Por eso creo que hecho que la capital cultural del español puede estar en sitios como Nueva York, donde nos encontramos mutuamente en una condición superior a la nacional. La riqueza de nuestra lengua, tan unitaria y diversa a la vez, es inmensa: la posibilidad de leer un libro que tiene una variante profundamente original de la lengua, pero que al mismo tiempo es perfectamente inteligible para ti, es un tesoro.

Los latinos son la primera minoría poblacional en EEUU y siguen creciendo. ¿Cómo está variando la presencia de la cultura hispana allí?
Hay que distinguir lengua y cultura. En el 2004 había censados legalmente cuarenta y tres millones de hispanoparlantes, o sea que debe haber unos cincuenta millones: el segundo país del mundo. Pero las comunidades latinas o hispanas están muy separadas, según de dónde e incluso cuándo hayan llegado. El idioma sí tiene una frecuencia creciente; en estados como Florida se habla más español que inglés; en NY, de ocho millones de habitantes, tres son de habla hispana.

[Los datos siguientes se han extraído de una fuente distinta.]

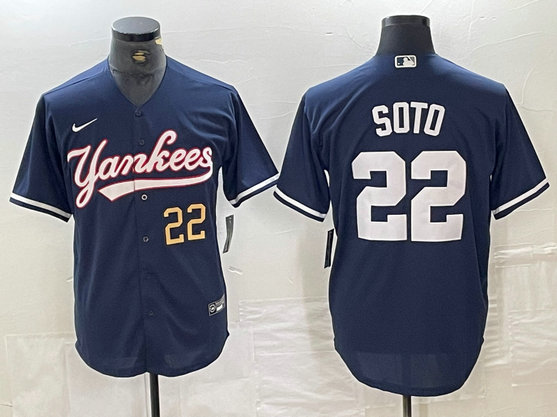 Men's New York Yankees #22 Juan Soto Number Navy Cool Base Stitched Baseball Jerse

La pregunta es si la presencia de la lengua provoca una mayor presencia de la cultura, y eso está por verse. Por ahora hay un desequilibrio grande. Un ejemplo: el negocio del libro en EEUU mueve 30 mil millones de dólares anuales; el negocio del libro en español es de 300 millones, el uno por ciento, y la mitad son libros religiosos. No hay que dejarse llevar por aspectos meramente estadísticos; no importa tanto cuántos millones de personas hablen una lengua, como la posición social y cultural que la lengua tiene. Se van a ver cosas importantes en los próximos años. Podría ocurrir también que al integrarse los inmigrantes, las segundas y terceras generaciones pierdan la lengua materna, como ha pasado con el idish en EUA o el italiano aquí. Pero la cantidad de inmigración es tan colosal que probablemente se transforme en un cambio cualitativo. Además, profesionalmente, saber español es muy práctico. Porque la masa hispanoparlante está relativamente distribuida en puntos del mercado laboral. Antes, para muchos inmigrantes mexicanos lo importante era olvidar la lengua de los padres; eso era intergarse en la nueva sociedad. Pero si su lengua se convierte en un valor económico, entonces hay más ventajas en conservarla. Actualmente, incluso muchos estadounidenses estudian español, y en muchas escuelas se da como segunda lengua.